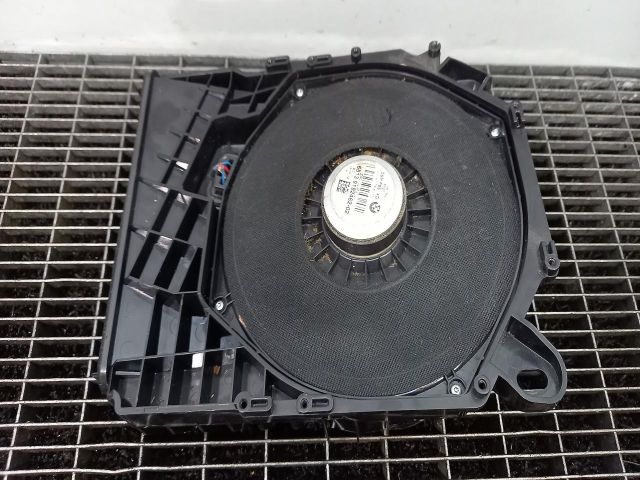 bontott BMW 1 Hangszóró (Pozíciófüggetlen)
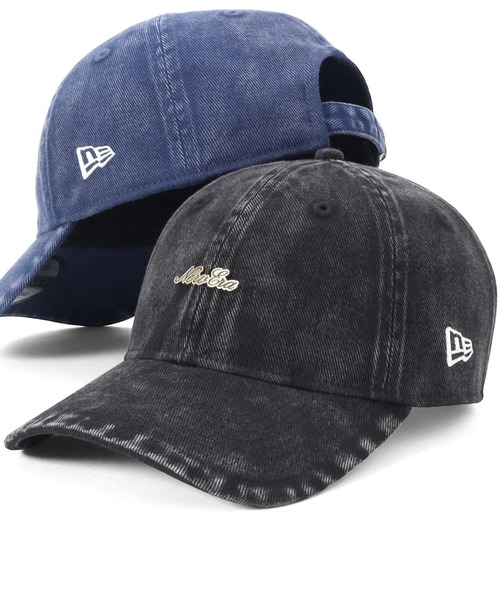 NEW ERA（ニューエラ） uvカット キャップ 帽子 紫外線カット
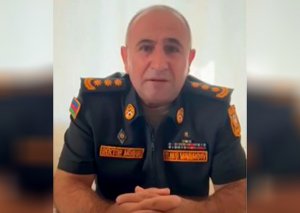 Polkovnik Elnur Məmmədovun məhkəməlik olması KİM(LƏR)İN MARAQLARINA XİDMƏT EDİR?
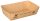 conpax Pappschalen NOTPLA braun 13,5 x 8,5 cm, 140 St.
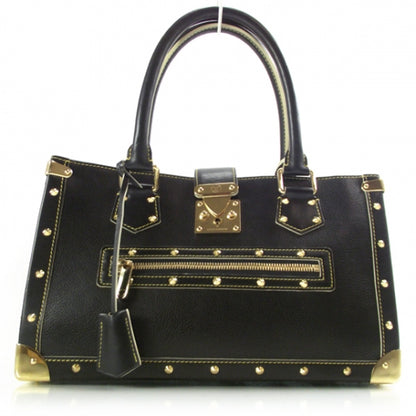 Louis Vuitton Suhali Le Fabuleux Black 1 of 10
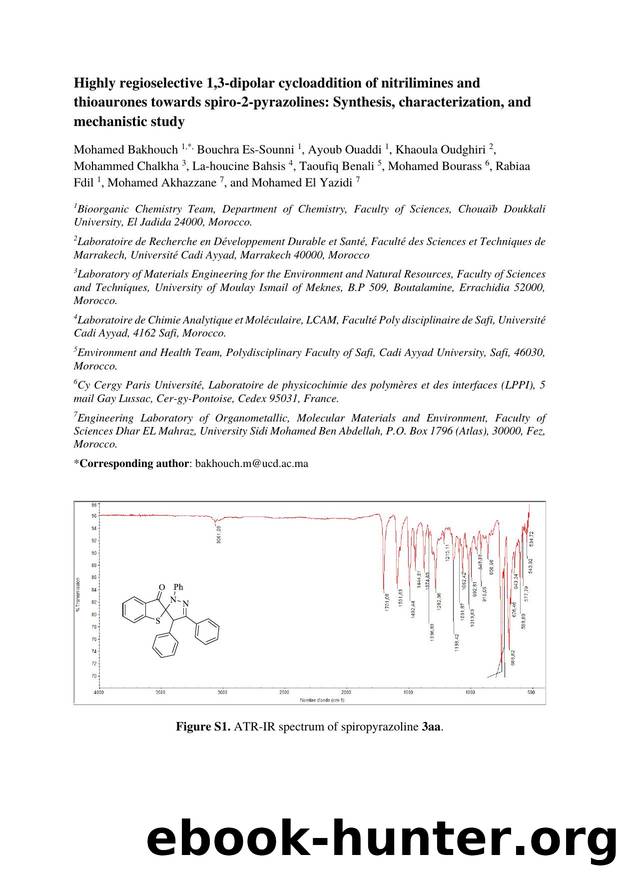 reactions-3332305-supplementary by BAKHOUCH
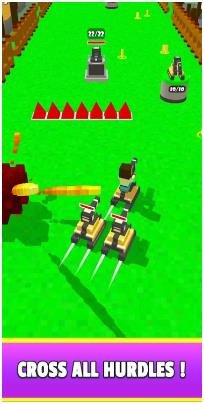 多米诺坦克世界之战免广告最新版下载-多米诺坦克世界之战官方版下载v1.0.0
▬▬▬▬▬▬▬▬▬▬
* YOUR TASK
The listing above, line by line: print it exactly, but not its pictures.

* OUTPUT
 bontott BMW 1 Hangszóró (Pozíciófüggetlen)
 NEW ERA（ニューエラ） uvカット キャップ 帽子 紫外線カット
 Polkovnik Elnur Məmmədovun məhkəməlik olması KİM(LƏR)İN MARAQLARINA XİDMƏT EDİR?
 conpax Pappschalen NOTPLA braun 13,5 x 8,5 cm, 140 St.
 Louis Vuitton Suhali Le Fabuleux Black 1 of 10
 reactions-3332305-supplementary by BAKHOUCH
 多米诺坦克世界之战免广告最新版下载-多米诺坦克世界之战官方版下载v1.0.0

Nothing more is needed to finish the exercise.